Ooops, fast hätte ich nun zum zweiten Mal in diesem Text das Wort »Fankultur« benutzt, das allerdings fahrlässigerweise, ohne zuvor bei DFL-Chef Christian Seifert anzurufen, der sich ja unter der Woche dadurch hervorgetan hat, dass er diesen Begriff mal eben definiert hat. »Die Ultras« (!) seien »der Totengräber der Fankultur«. Eine interessante Formulierung ohne jede Einschränkung, denn er spricht ja nicht von »den Ultras«, die irgendetwas Schlimmes machen - darüber hätte man ja durchaus reden können. Sondern gleich von allen. Spannend ist in diesem Kontext übrigens auch, dass Hoffenheim-Boss Dietmar Hopp von keinem einzigen Funktionär mal öffentlich darauf hingewiesen wird, dass seine Reaktionen auf das - natürlich - vollkommen hohle Schmähtransparent in Köln von einem vollkommen irregeleiteten Rechtsverständnis ausgehen. Was bitte sollen die Vereine, was bitte soll der Verband dagegen tun, wenn tausende Menschen Schmähgesänge anstimmen? Soll er sie in einen schalldichten Käfig sperren, sie gar nicht erst ins Stadion lassen? Oder könnte Herr Hopp endlich mal den Gedanken an sich heranlassen, dass gerade seine hyperventilierenden Reaktionen erst dafür sorgen, dass sich einige Fankurven auf ihn kaprizieren?

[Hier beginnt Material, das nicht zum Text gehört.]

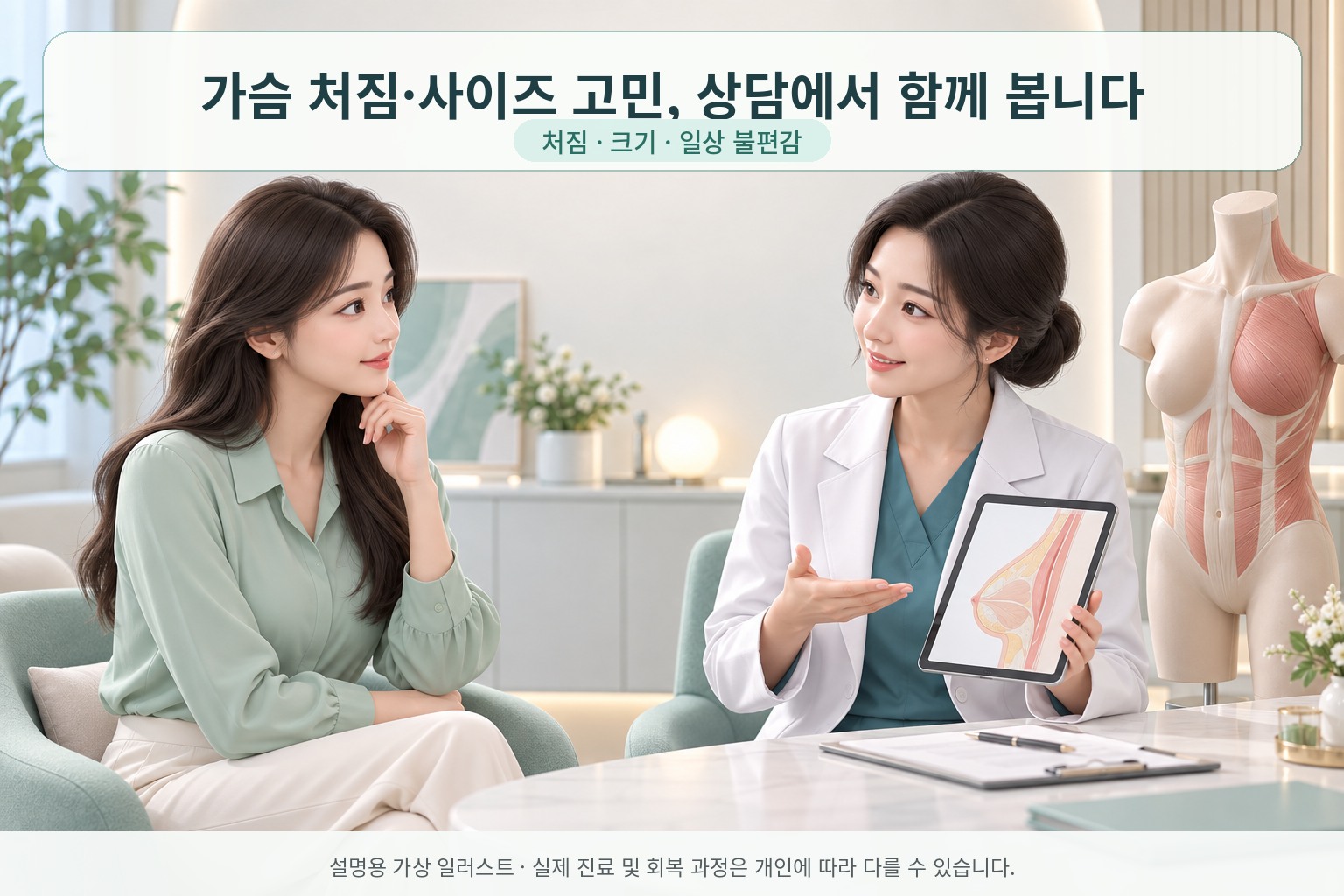 가슴 처짐과 사이즈 고민을 의료진과 상담하는 설명용 가상 일러스트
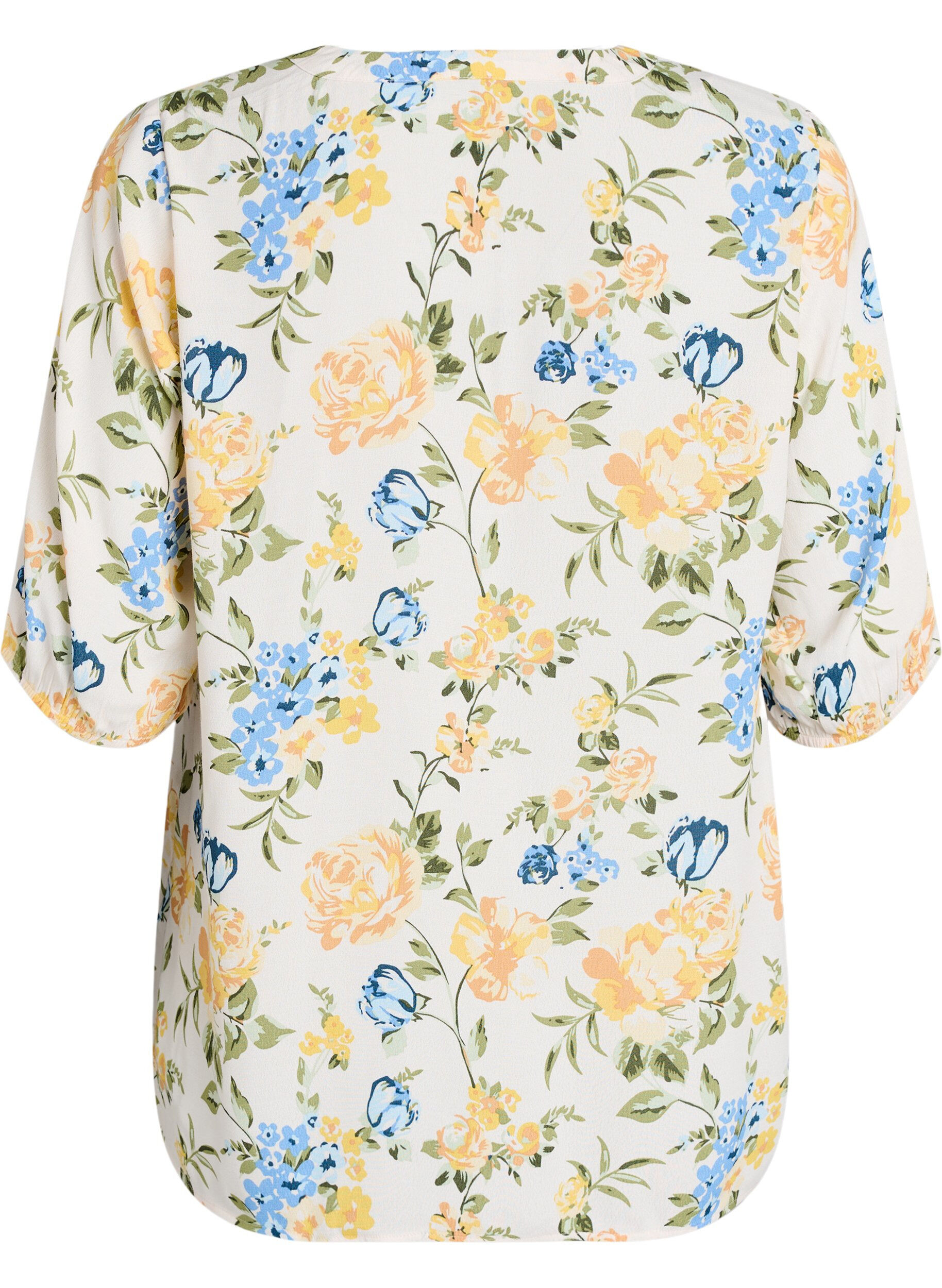 Zizzifashion Viscose blouse with print and button fastening, Vanilla, Packshot image number 1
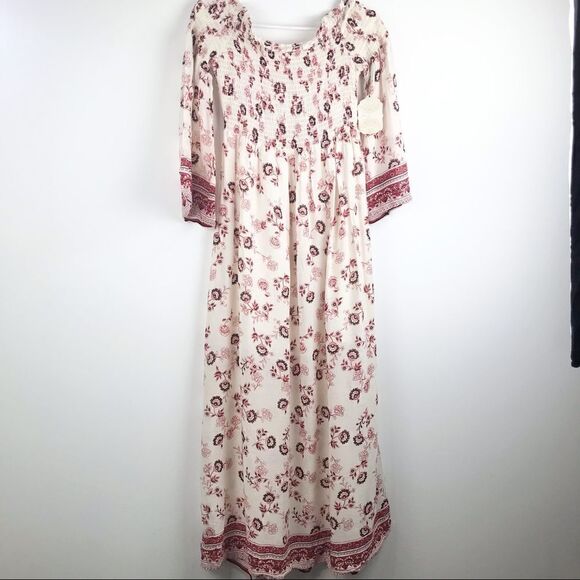 NEW Altar’d State Cream/ Red Floral Off Shoulder Dress - Picture 2 of 16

Hätte sich Hopp nicht schon vor Jahren so aufgeregt, als Dortmunder Fans ihn mit den schwachsinnigen Gesängen überzogen, würde sich heute kaum ein Fan mehr an der TSG und ihrem Gönner abarbeiten. Was es ansonsten noch zur Scheinheiligkeit in Hoffenheim zu sagen gäbe, stand in der »Heilbronner Stimme«, wo man sich zurecht darüber wunderte, dass ein Mitarbeiter der Pressestelle einen kritischen Journalisten als »faul, untalentiert, unsympathisch« bezeichnete. Hier in diesem Zusammenhang noch eine andere Beobachtung. Dass die Hoffenheimer Fans in den Heimspielen gegen Dortmund auch stets fleißig das Lied von den »BVB Hurensöhnen« anstimmen, dürfte die Dortmunder Fans kein bisschen gestört haben. Aber die Hoffenheimer Offiziellen, die hätten doch eigentlich richtig entsetzt sein müssen, oder?